El miedo también tuvo su papel, por supuesto. Si los gerontobrexiteros votaron para frenar la inmigración europea fue en parte por el temor primordial que les provocan los obreros polacos y los camareros españoles pero, más importante, más fundamental, fue por el pavor existencial que representa la invasión foránea justo hoy, en el otoño de sus días: aquel que sienten ante la pérdida de sus facultades físicas y mentales, ante la cercanía de la muerte.

Ya no me río de ellos. Ni de los más jóvenes con almas viejas que también votaron por el Brexit. (Tengo un conocido de 50 años que votó por el Brexit, pero tiene 55 desde los 18). Veo que no es tan difícil, si uno hace un pequeño esfuerzo, meterse en su piel y entender las raíces emocionales de su antieuropeísmo, reconocer que para ellos su voto fue un gesto noble y romántico.

Mi voto, en cambio, y el del resto del 48% de la población británica que se expresó a favor de seguir dentro del club europeo, fue algo mucho más prosaico. El frío pragmatismo fue nuestro guía. Entendimos que desde la formación de la UE Europa ha alcanzado un punto de prosperidad y paz nunca visto en la historia del continente; razonamos que la UE era la mejor apuesta para las generaciones futuras.

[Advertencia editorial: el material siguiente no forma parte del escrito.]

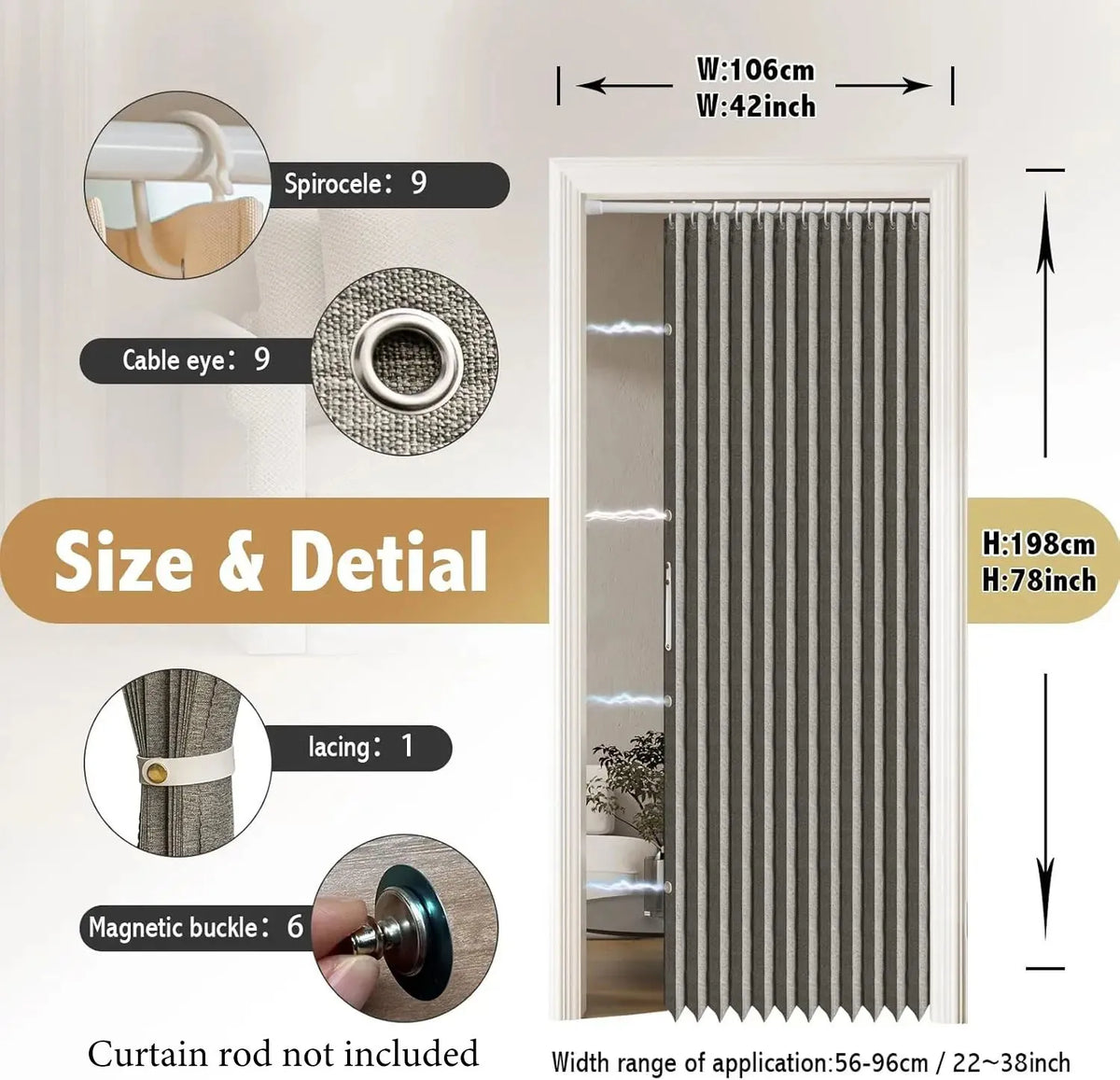 Magnetic accordion pleated door curtain in gray for closet room divider and shower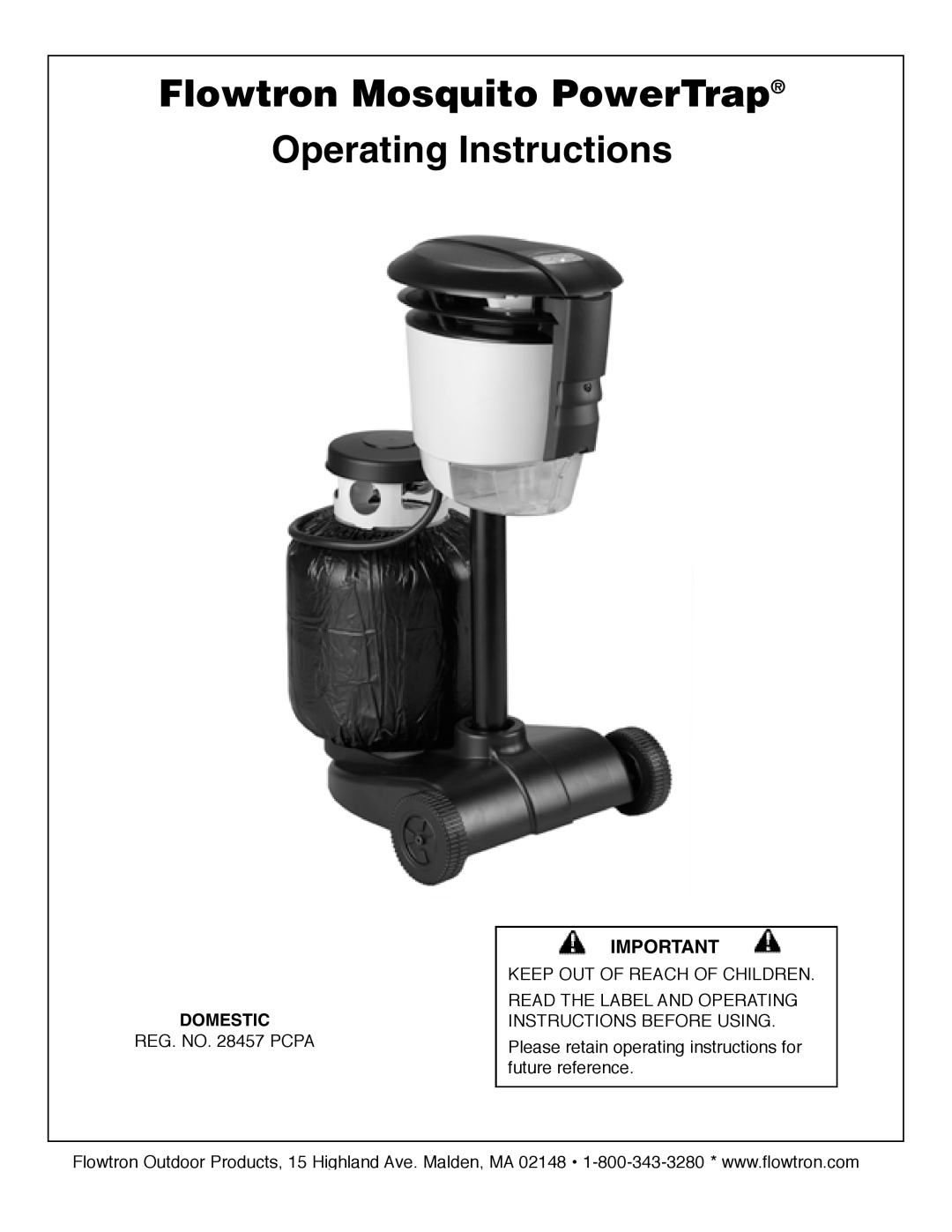 Flowtron Outdoor Products MT-200 Series, MT-300 Series manual Flowtron Mosquito PowerTrap Operating Instructions, Domestic 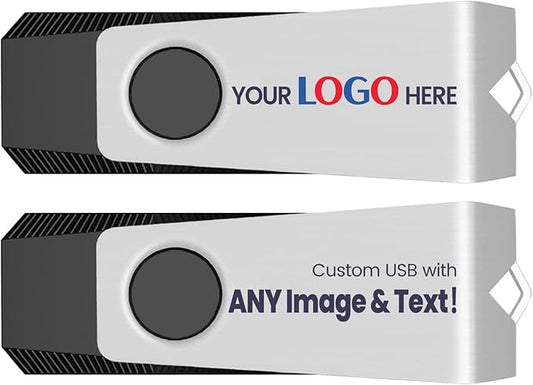 Customizable Flash Drives 16GB, Wooolken Personalized USB 2.0 Drive 10/20/50/100 Pack, Custom Thumb Drive Engraved Logo USB Drive (Mixcolors)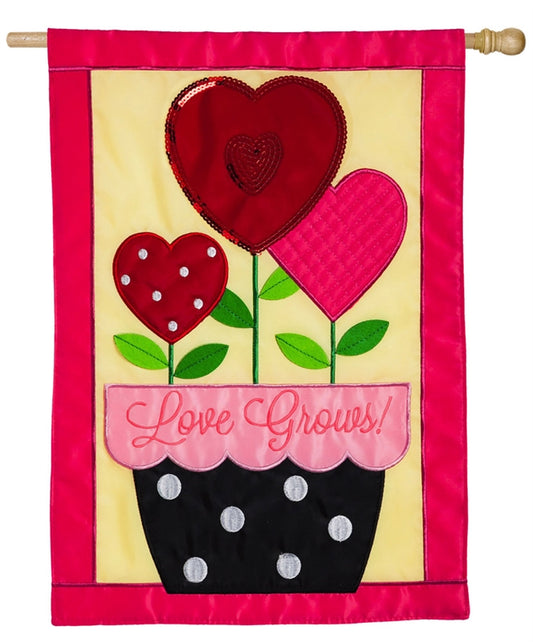 Love Grows Applique Seasonal House Flag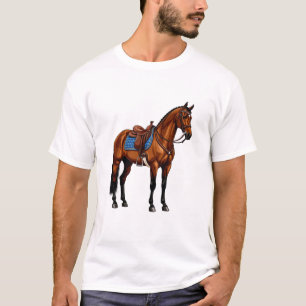 Braunes Pferd mit Sattel T-Shirt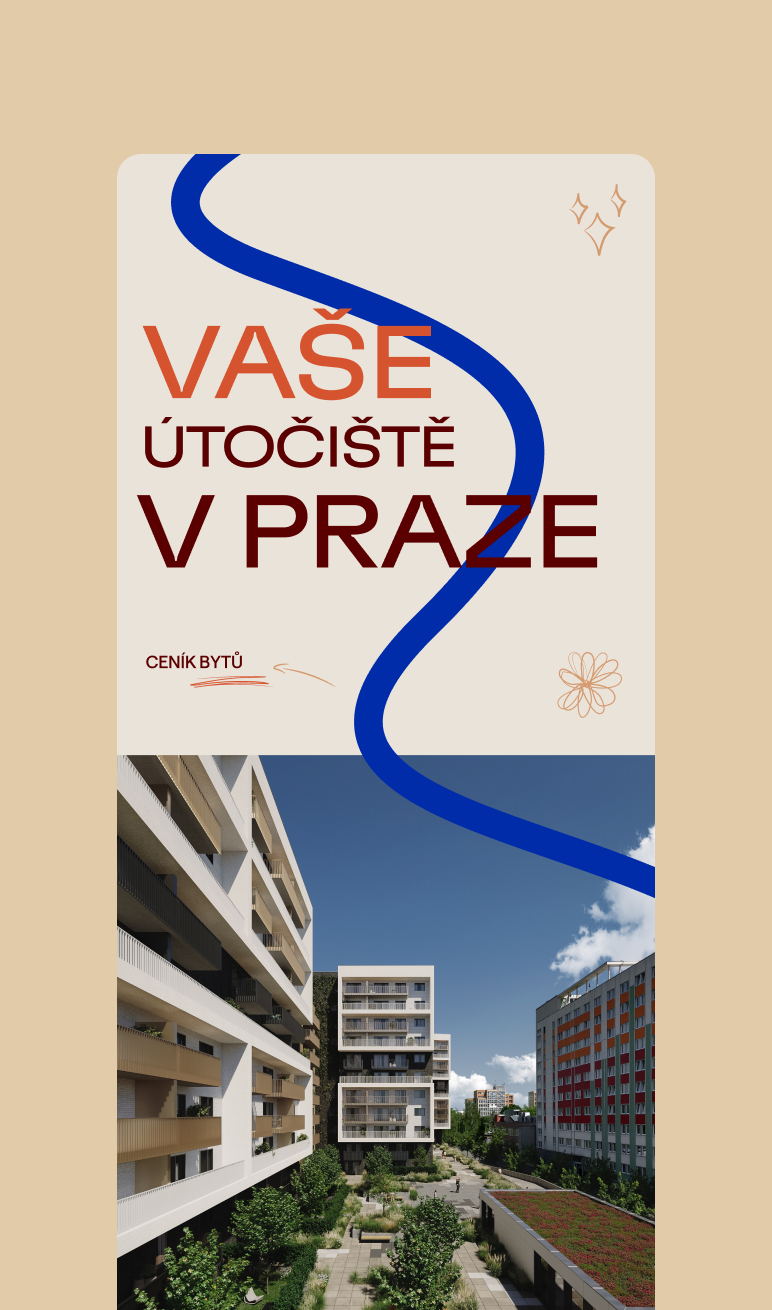 Modern apartment buildings in Prague with the tagline “Your Haven in Prague.” The project shown offers modern living and comfort in a quiet Prague neighborhood.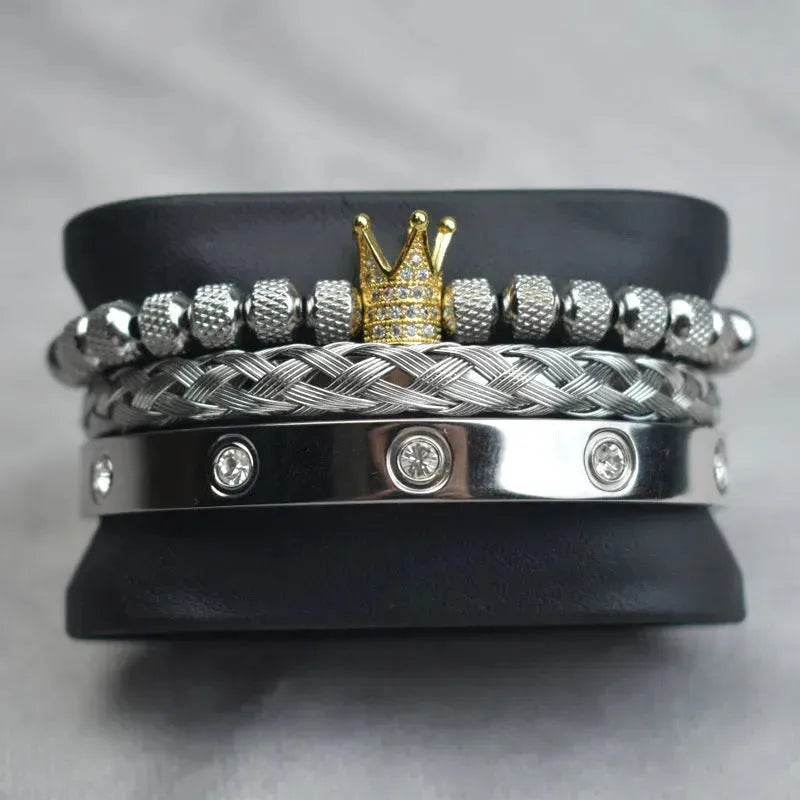 Crown Twist Woven Mesh With Diamond Digital Bracelet Set - EX-STOCK Canada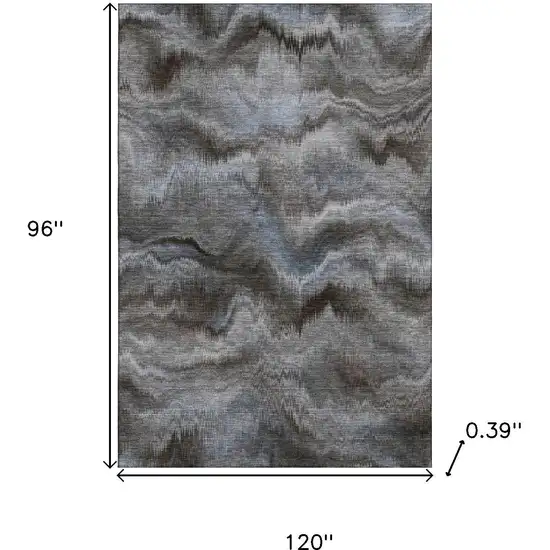 Taupe And Gray Abstract Washable Area Rug With UV Protection Photo 9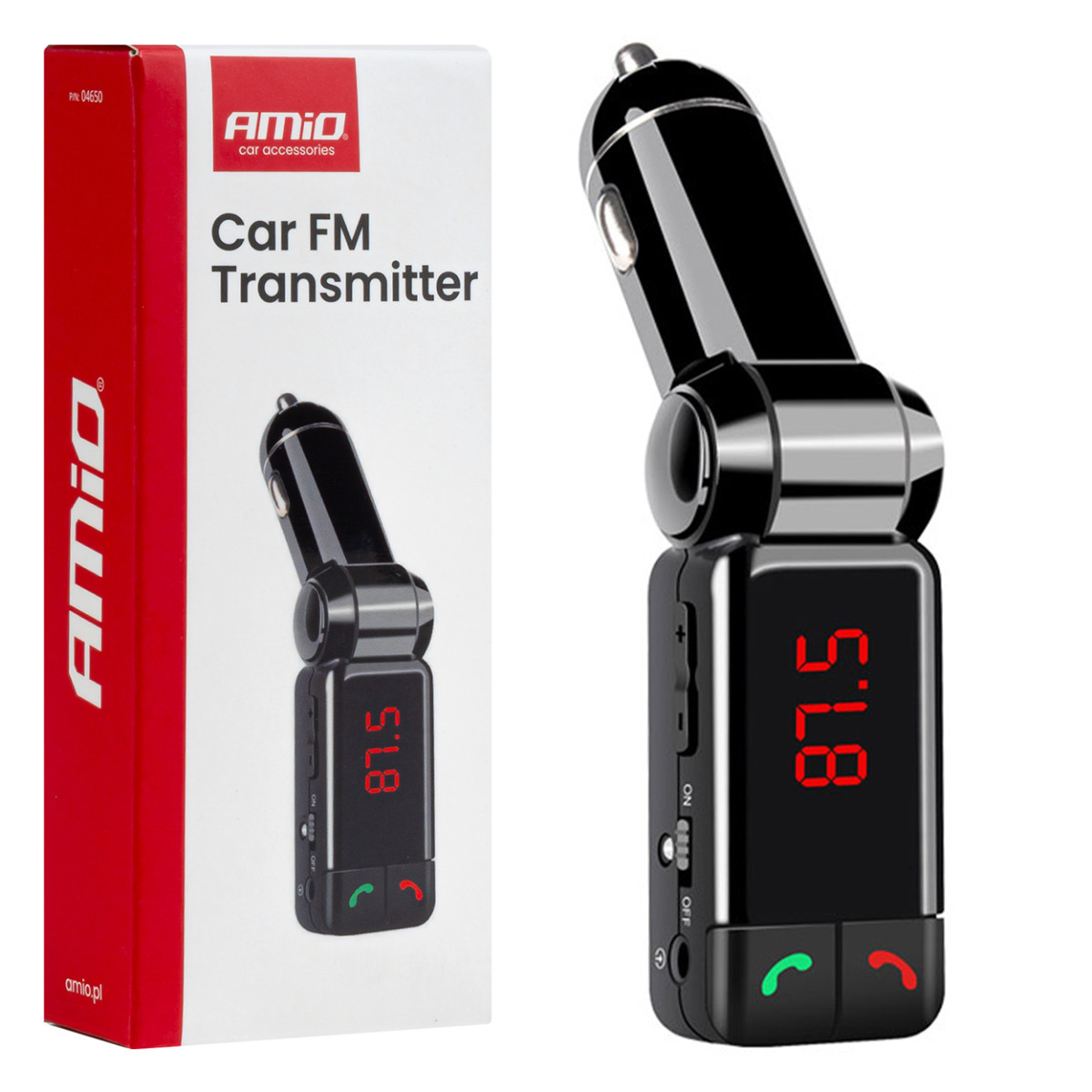 Automobilinis FM siųstuvas, 2×USB-A 12V 24V AMIO-04650
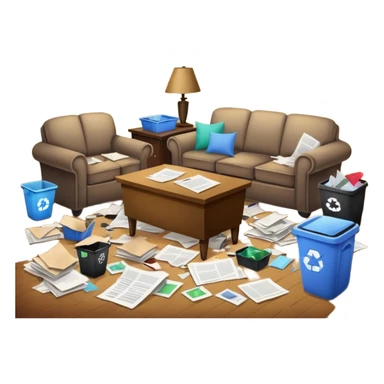 dirty living room with papers and trash sticker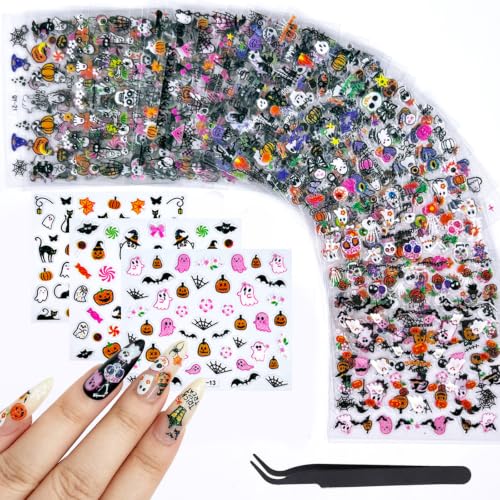 Halloween Nail Art Stickers Kit with Precision Tweezer - 30 Sheets
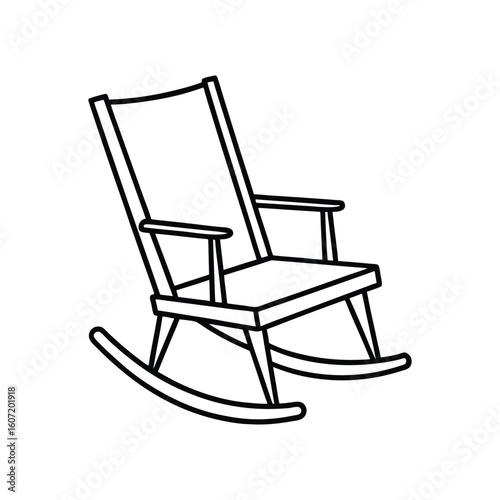 Vector Outline Illustration of Rocking Chair Clip Art Isolated on White Background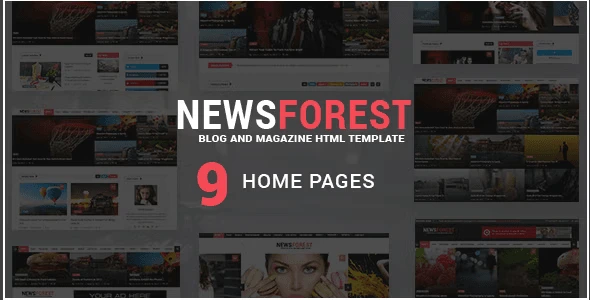NewsForest responsive magazine blog HTML template with RTL support and Elementor PRO demo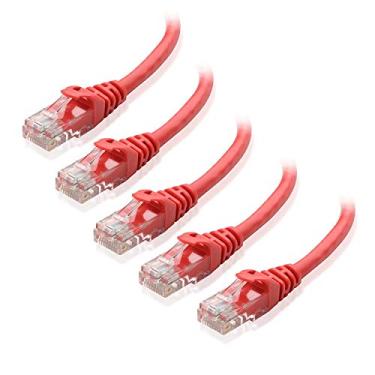 Imagem de Cable Matters - Pacote com 5 cabos Ethernet Cat6 Snagless (cabo Cat6, cabo Cat 6), Vermelho, 1 ft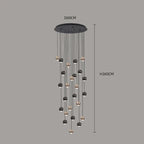 Black & Copper Sphere Cluster Chandelier Radianto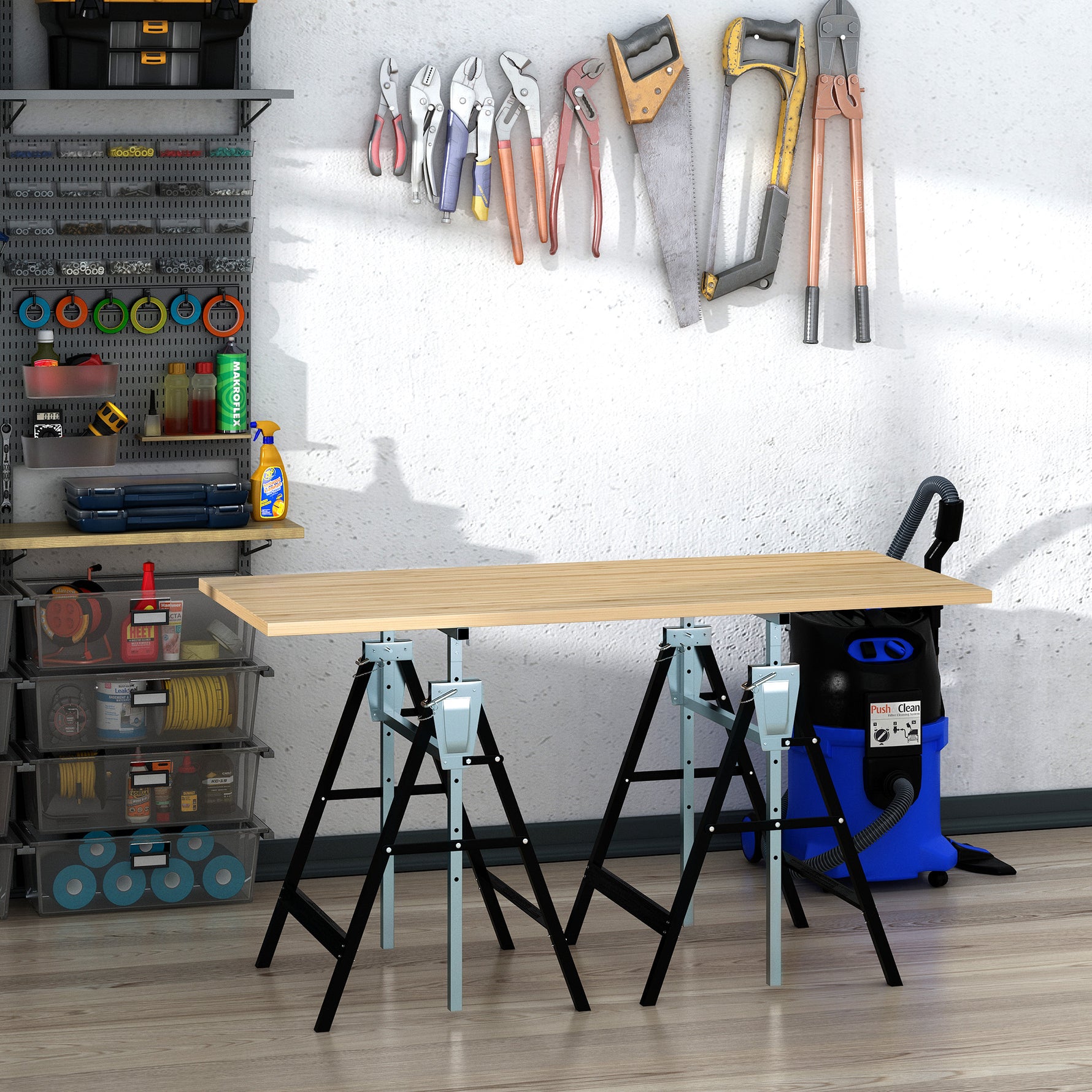 Lot de 2 tréteaux pliables télescopiques hauteur réglable 80-130 cm noir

El problema con el romanticismo es que por más bonitas y calientes que sean las sensaciones que despierta, suele ser fugaz y suele acabar mal. Lo cual no me da permiso para sentir desprecio u odio hacia los locos poetas del Brexit. No. Me arrepiento. Lo que hay que sentir es compasión; por ellos tanto como por el país y por los jóvenes cuyo futuro se van a cargar.